Ah! There darted through Brompton Road Tom Hornsby with his comic little face cleanshaven. He was one of the few men who had taken at once to the chariot; his supple, nervous frame and perfect equipoise made him master of the art in a few hours. He was a satirist, Tom Hornsby! He had never succeeded in diplomacy, nor in his migration to the City jungle, and unable to control his outbursts of scurrilous wit, he had sharpened his tongue into a steel pen and edited the Weekly Mirror.
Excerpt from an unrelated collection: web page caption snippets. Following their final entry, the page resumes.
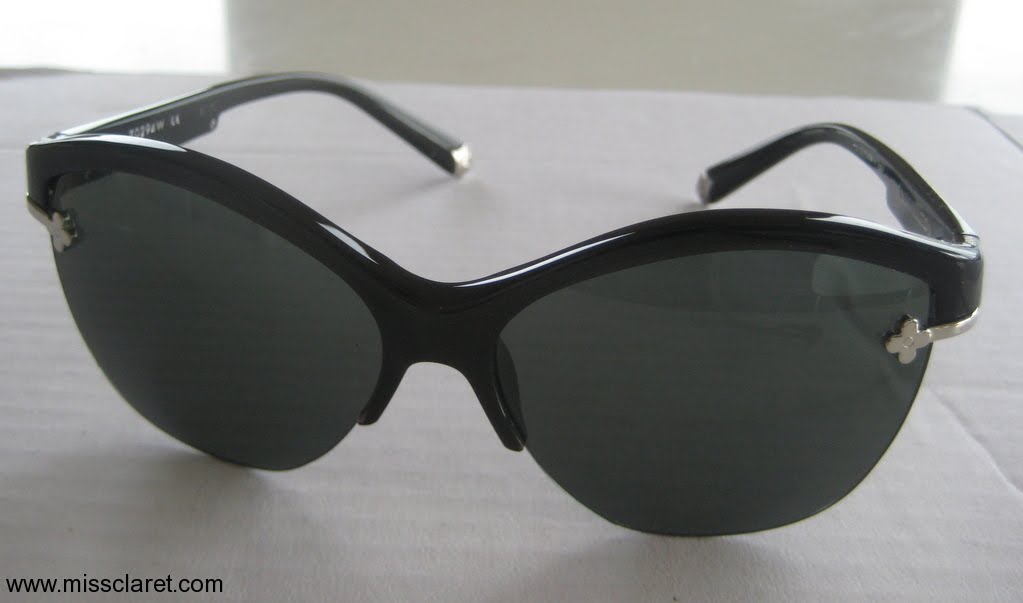 louis vuitton shoulder bags for men sale louis vuitton shoulder bags for men sale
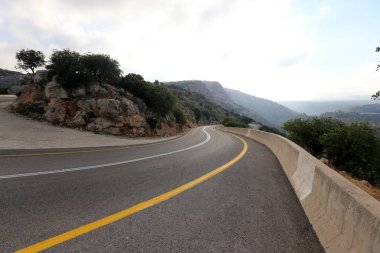 yol - yol-in iletişim 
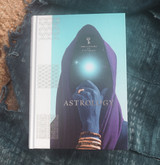 Astrology / Taschen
There were many more dashing along the Hammersmith Road on that lovely summer morning; some had been trained to soldiery, others to Parliamentarism, but the majority were inadequately provided with the suitable faculties with which to play the game of life. The soldiers were too spiritless, the politicians too bellicose. One little trifle had been omitted in the curriculum of a man’s education, but such a small item that it was hardly worth mentioning—for everyone agreed that to make a gentleman of a man was the great desideratum of college training—well, this little item neglected in all educations was: the training of life. This life-drill, by which all humanity is made akin, had been left out of educational programmes, and the results of such an omission had been painful; for men like Petersham and Watson would walk, dine, drink together, but they no more understood each other than if they had been two different species. Men were surprising and disappointing in this civilisation in which—

“Hatred is by far the longest pleasure;

Men love in haste, but detest at leisure.”
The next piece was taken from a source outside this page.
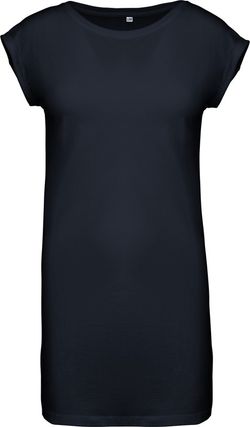 Langes T-Shirt für Frauen
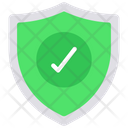 پیش‌نمایش فایل verified-shield-6504955 از پک تأیید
Men were at intervals Titans or monkeys. Hence the patchiness of life’s texture. Titan greeted monkey, the latter jeered while the former roared; and that was called Society.
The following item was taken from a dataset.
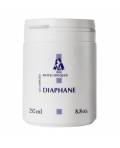 M120: Крем для рук Диафан с коллагеном (Diaphane Hand cream), 250 мл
The first fashionable hostess who followed Lionel’s hint to Society was the Ambassadress of Tartary. One morning she sat wearily in front of her Venetian mirror, resting her pensive head on her right hand. What endless hours had she spent before this same mirror formerly, combining artistic shades, using ingenious cosmetics to hide the damages done by time! Now, all these were of no earthly use; nature had stepped in and strongly advised women to have silent tête-à-tête with their inner souls. She then and there made up her mind that the lines round her eyes, and the discoloration of the flesh of her neck and arms should never more be the object of rude stares on the part of her guests, and she resolved never more to stand at the top of her staircase to greet her visitors. Of all places in the house that spot was the most unbecoming for complexion, owing to the light being badly distributed. The Marquise de Veralba represented one of the great nations of Europe, at the Court of St. James, and she felt that to her had been given the mission of teaching a lesson to Englishwomen. Orders were promptly given and speedily executed; carpenters and floral decorators were summoned to the marble couch of the Marquise, and after a few days the house was ready for the projected reception, which she intended to be a new move in social gatherings.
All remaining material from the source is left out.